Your objective ->
Leave the pictures out and restate each entry below word for word.

Given entries ->
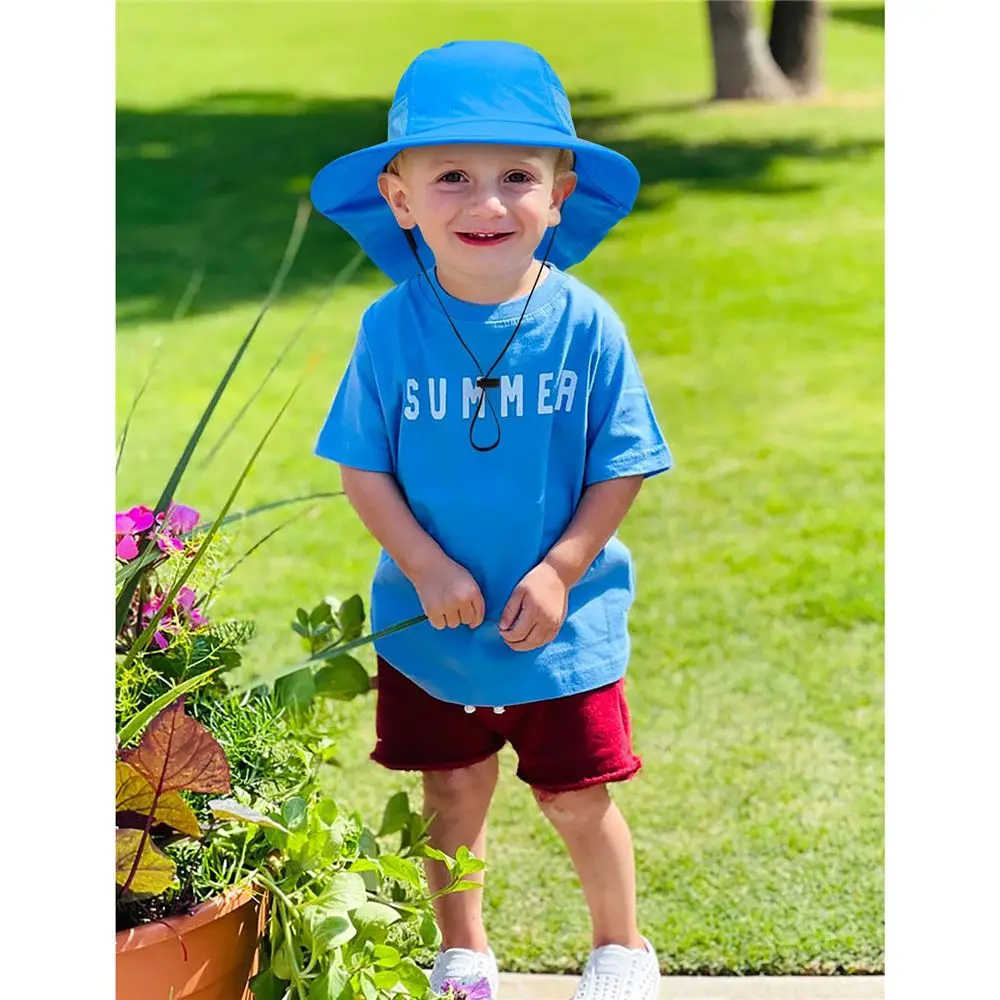 Outdoor Adjustable Breathable Beach Hat Kids Sun Hat Sun Protection Hat with Neck Flap Beach Play Hat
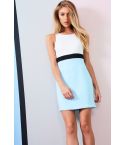 LMS Bodycon jurk In blauw en wit met zwart riem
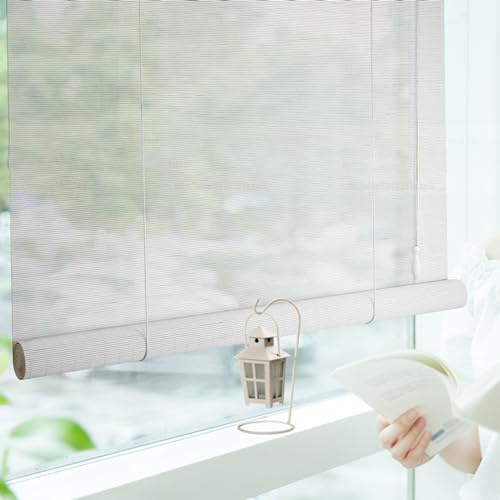 YUJIANHUAA Stores en Bambou Blanc,Store à Rouleau en Bambou Naturel,Store Enrouleur Exterieur,60% Protection Solaire Intimité Écran,pour Fenêtres/Portes,Personnalisée,Largeur×Hauteur (180cm x 180cm)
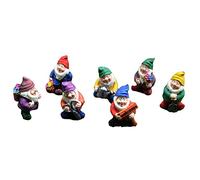 Cpolebev 7 PièCes Gnomes FéE Statues en RéSine Mini Statues de Jardin DéCoration Conte Statue pour la DéCoration de Festival de Vacances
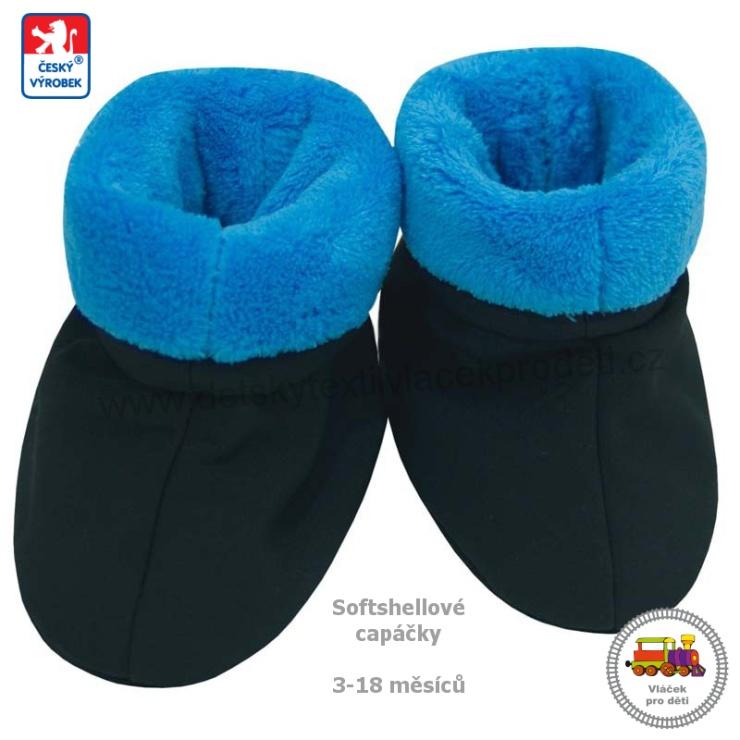 Capáčky softshellové s chlupem č.17 vel.1 černá/šedá (3-12měs)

Output for this exercise ->
 Outdoor Adjustable Breathable Beach Hat Kids Sun Hat Sun Protection Hat with Neck Flap Beach Play Hat
 LMS Bodycon jurk In blauw en wit met zwart riem
 YUJIANHUAA Stores en Bambou Blanc,Store à Rouleau en Bambou Naturel,Store Enrouleur Exterieur,60% Protection Solaire Intimité Écran,pour Fenêtres/Portes,Personnalisée,Largeur×Hauteur (180cm x 180cm)
 Cpolebev 7 PièCes Gnomes FéE Statues en RéSine Mini Statues de Jardin DéCoration Conte Statue pour la DéCoration de Festival de Vacances
 Capáčky softshellové s chlupem č.17 vel.1 černá/šedá (3-12měs)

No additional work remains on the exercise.